→ ASSIGNMENT: The entries contain pictures, which should not appear in the copy; everything else must be reproduced exactly.
- Opening Delimiter -
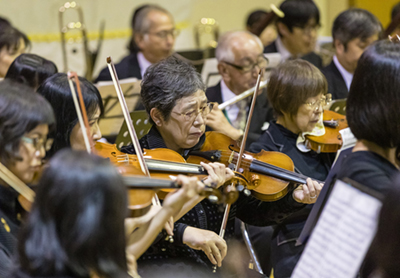 しもたか音楽祭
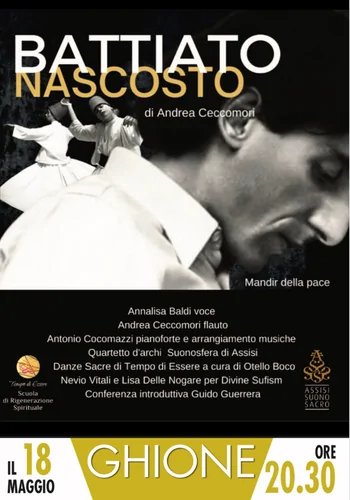 Battiato nascosto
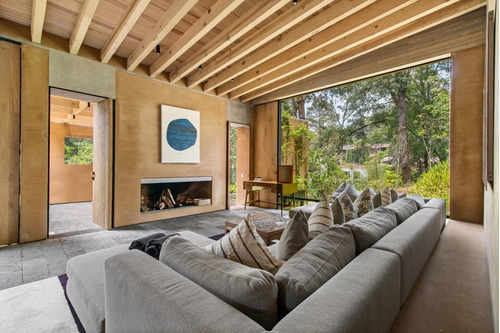 Venta Casa En Rancho Avandaro Valle De Bravo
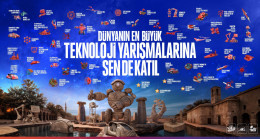 Geleceğin uzay teknolojileri tasarlanıyor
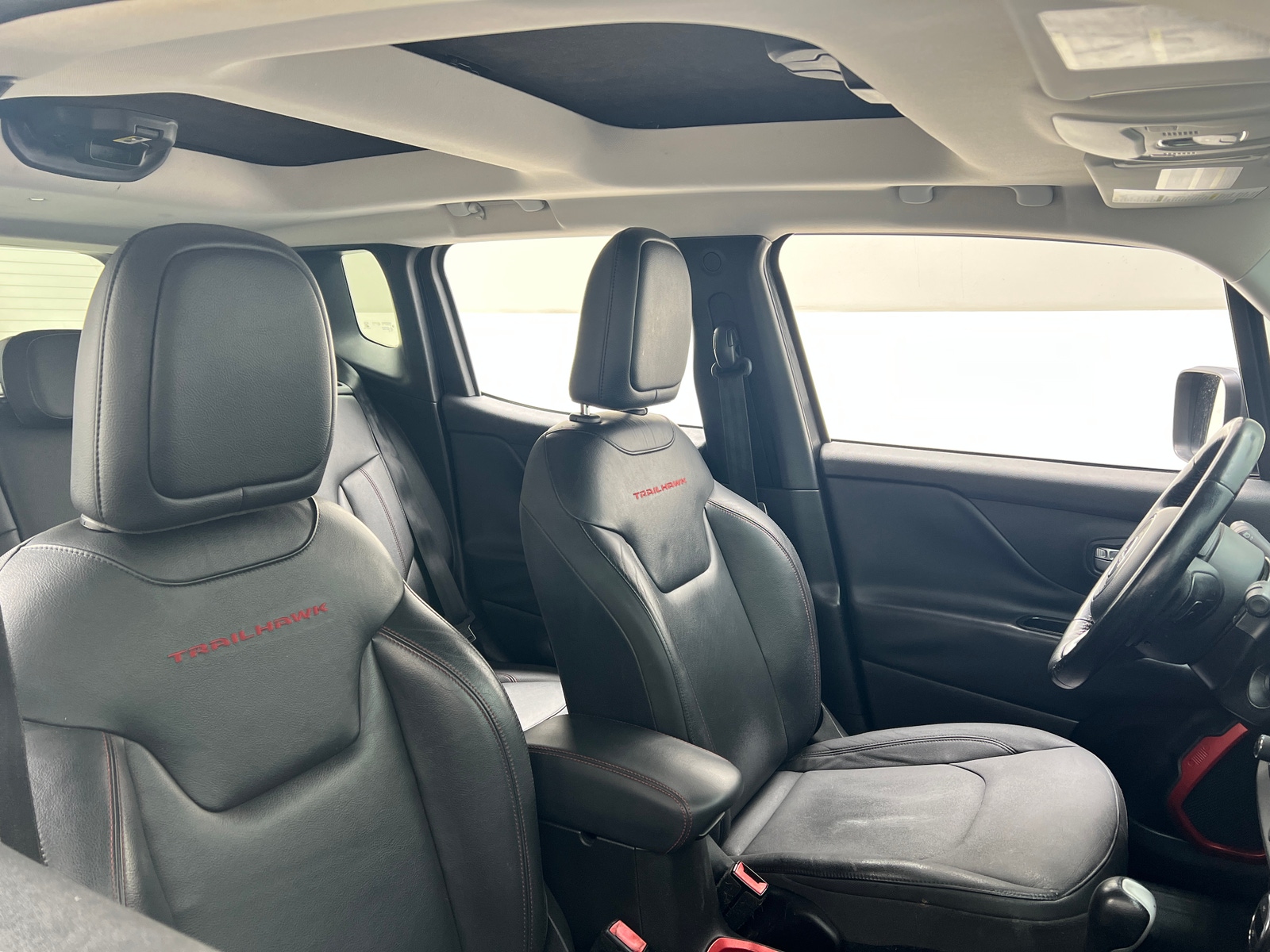 Thumbnail: 2017 Jeep Renegade - 2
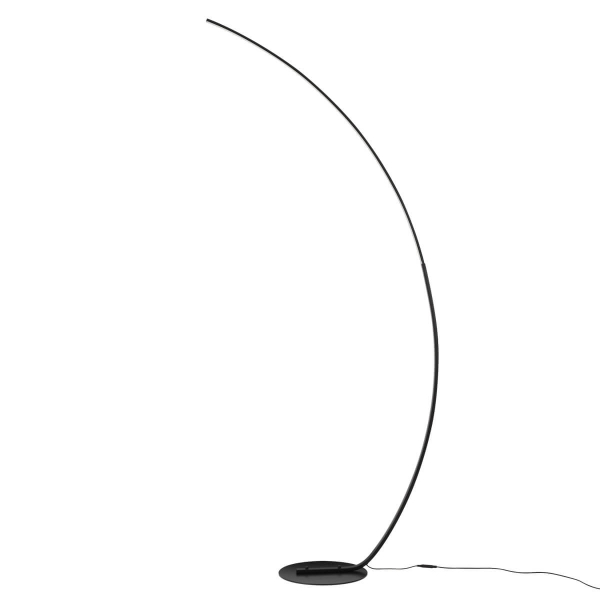 Торшер Odeon Light Archie 4380/10FL LED 10W 3000K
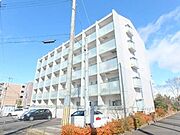 南草津駅より徒歩20分 2階 築24年9ヶ月の賃貸物件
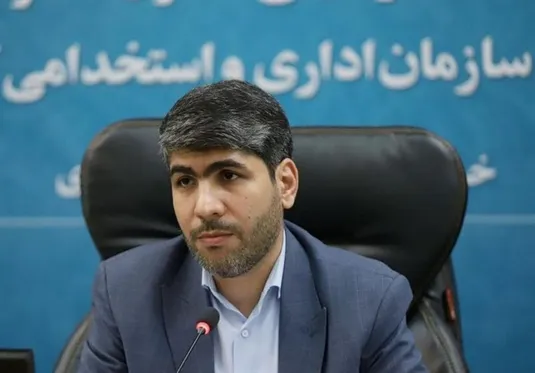 واکنش رئیس سابق سازمان امور اداری و استخدامی به ماجرای اخراج ۴۰۰ نیروی نخبه و انقلابی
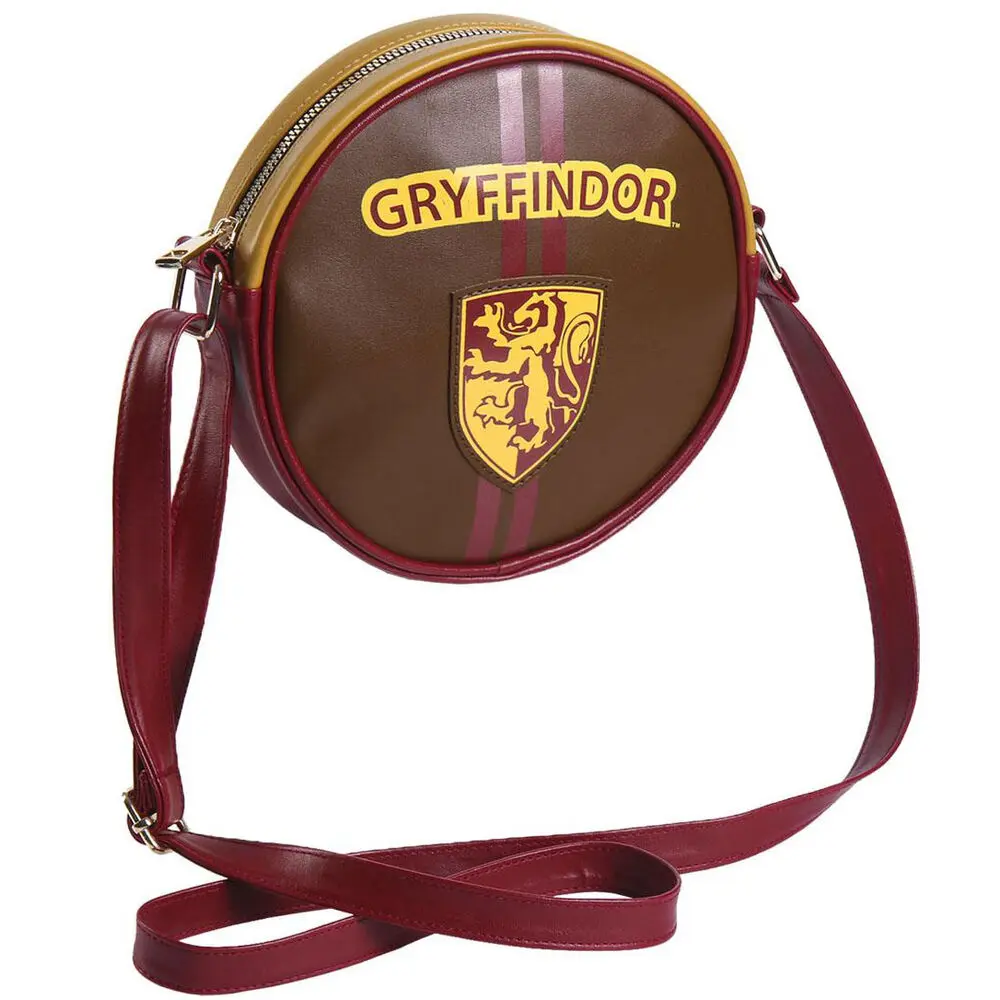 Harry Potter Kunstleder-Handtasche Gryffindor Produktfoto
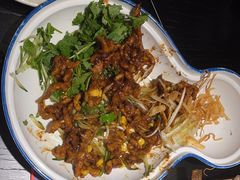 -满园烤鸭·春饼(沈北万达店)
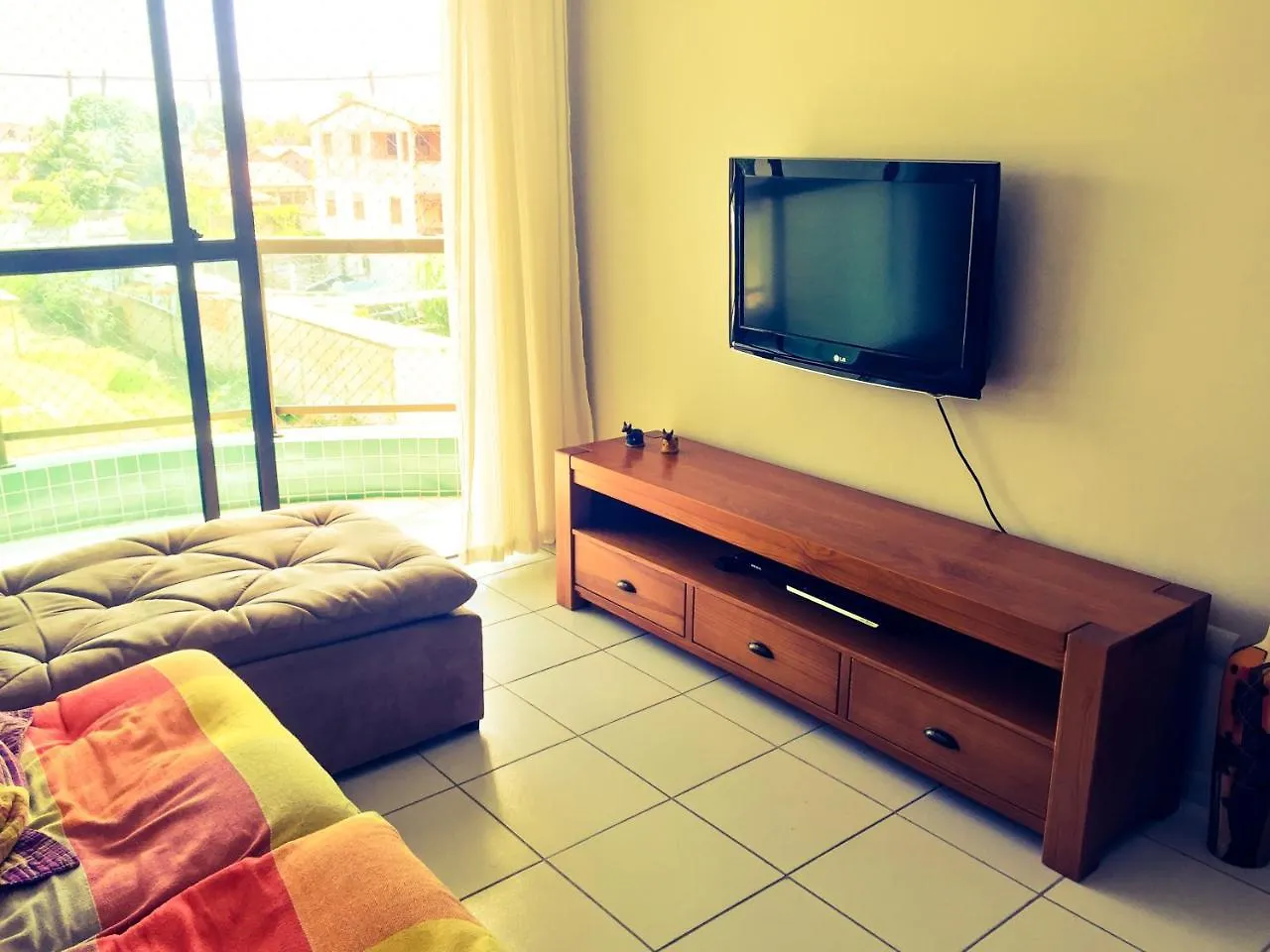 Apartment Condominio Maria Clara Porto de Galinhas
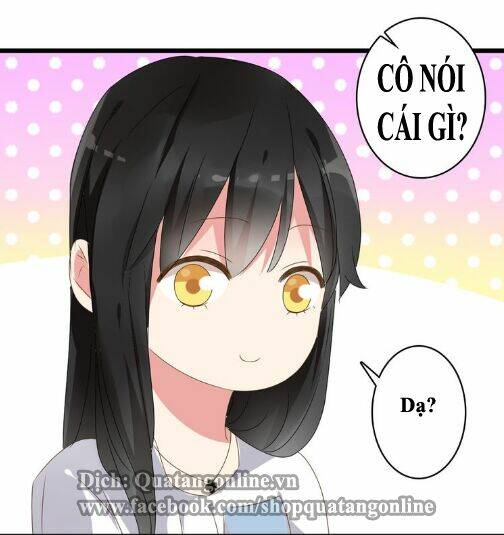 lều khều biết yêu chapter 27 58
- Closing Delimiter -
→ WRITTEN RESPONSE:
 しもたか音楽祭
 Battiato nascosto
 Venta Casa En Rancho Avandaro Valle De Bravo
 Geleceğin uzay teknolojileri tasarlanıyor
 Thumbnail: 2017 Jeep Renegade - 2
 Торшер Odeon Light Archie 4380/10FL LED 10W 3000K
 南草津駅より徒歩20分 2階 築24年9ヶ月の賃貸物件
 واکنش رئیس سابق سازمان امور اداری و استخدامی به ماجرای اخراج ۴۰۰ نیروی نخبه و انقلابی
 Harry Potter Kunstleder-Handtasche Gryffindor Produktfoto
 -满园烤鸭·春饼(沈北万达店)
 Apartment Condominio Maria Clara Porto de Galinhas
 lều khều biết yêu chapter 27 58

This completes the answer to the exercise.